• [RAW DATA]
----------------------------------------

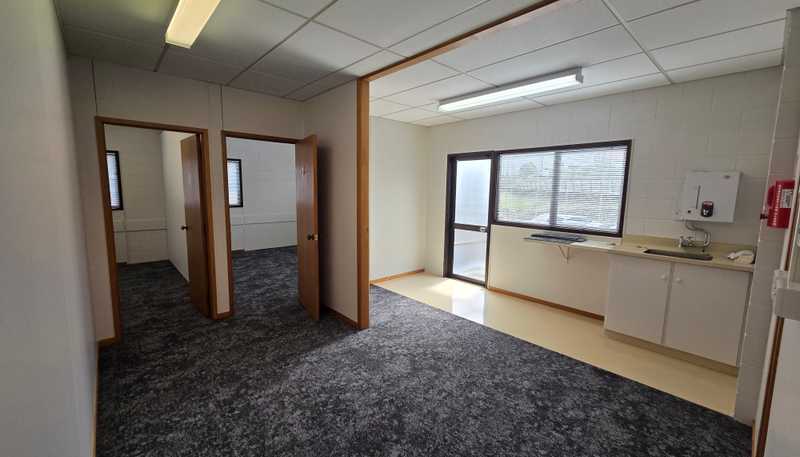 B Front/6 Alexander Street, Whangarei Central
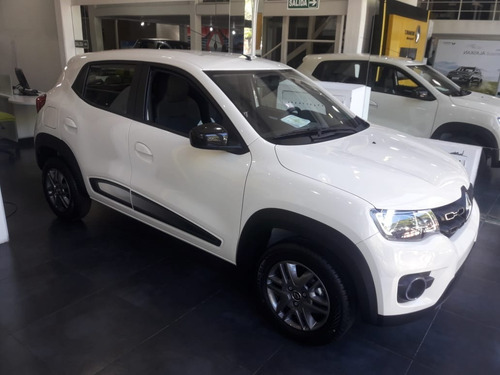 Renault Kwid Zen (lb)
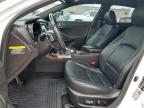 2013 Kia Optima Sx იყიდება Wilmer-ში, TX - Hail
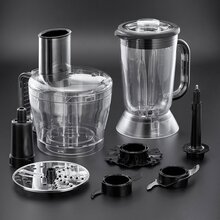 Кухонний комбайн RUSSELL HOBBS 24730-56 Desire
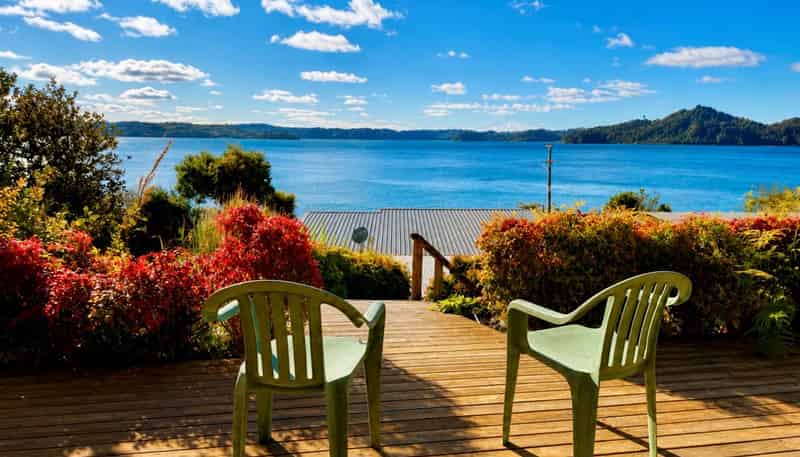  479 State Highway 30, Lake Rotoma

----------------------------------------

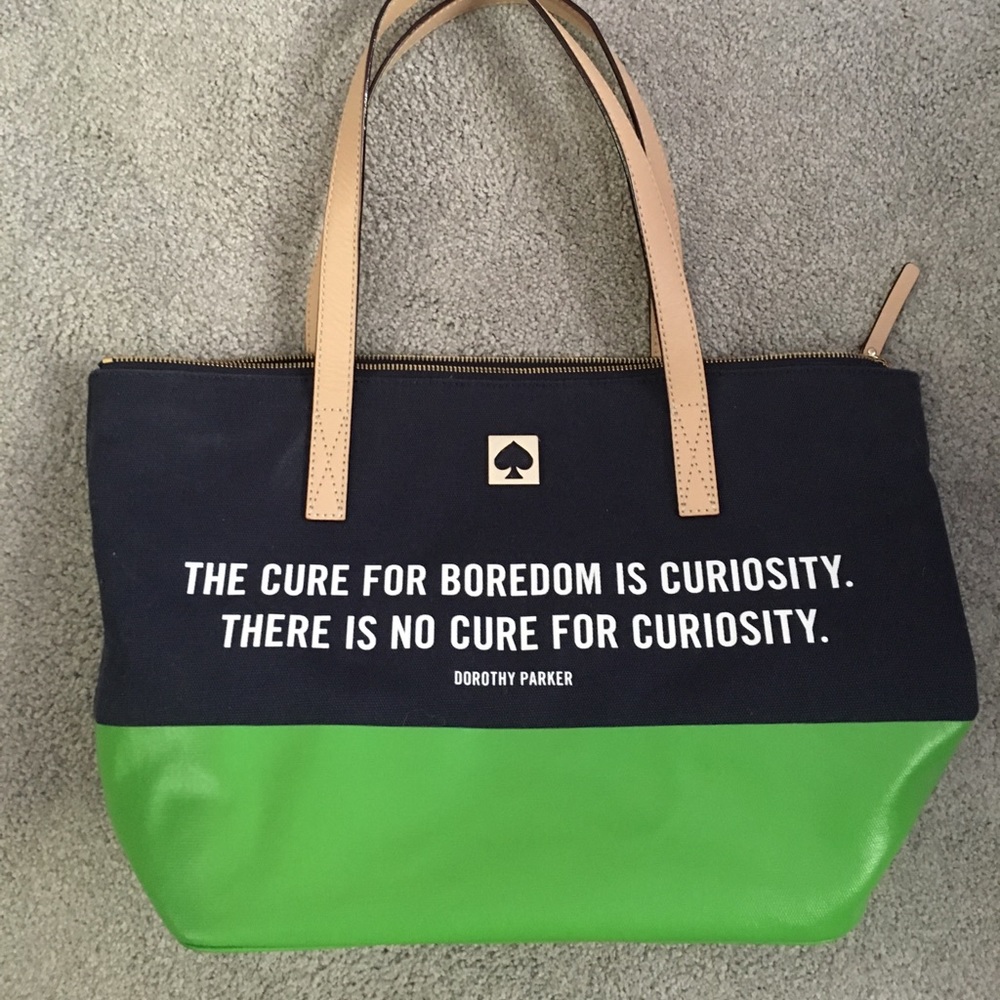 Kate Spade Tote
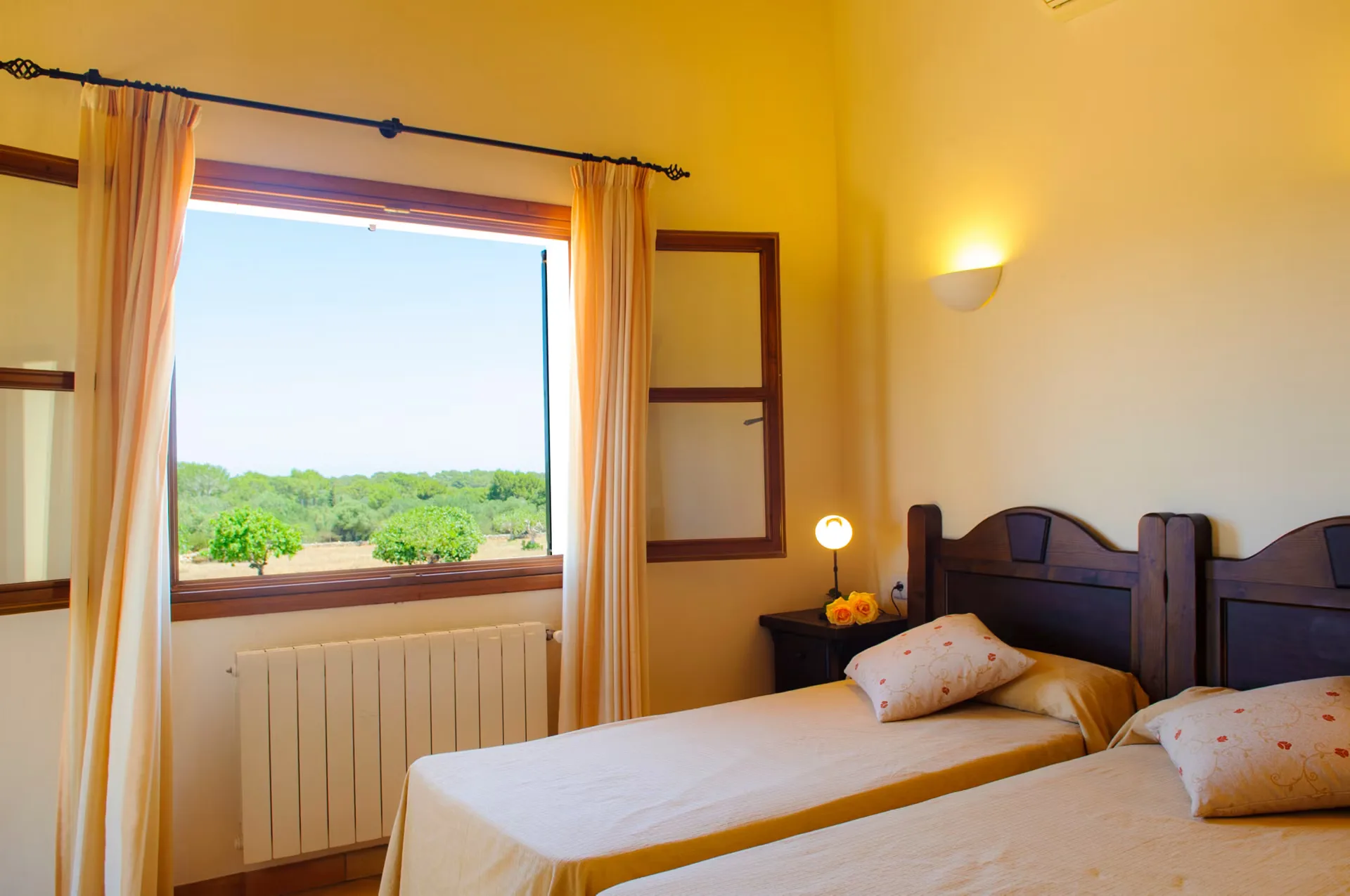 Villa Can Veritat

----------------------------------------

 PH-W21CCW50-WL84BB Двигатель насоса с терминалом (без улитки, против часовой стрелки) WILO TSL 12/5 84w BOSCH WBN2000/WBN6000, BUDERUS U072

----------------------------------------

• [WHAT YOU ARE ASKED TO DO] Would you please repeat only the lines above, beginning at the one that has "Кухонний комбайн RUSSELL" and stopping after the one that has "479 State Highway 30, Lake Rotoma", exactly and with no pictures?

• [RESPONSE TO THIS EXERCISE]
 Кухонний комбайн RUSSELL HOBBS 24730-56 Desire
  479 State Highway 30, Lake Rotoma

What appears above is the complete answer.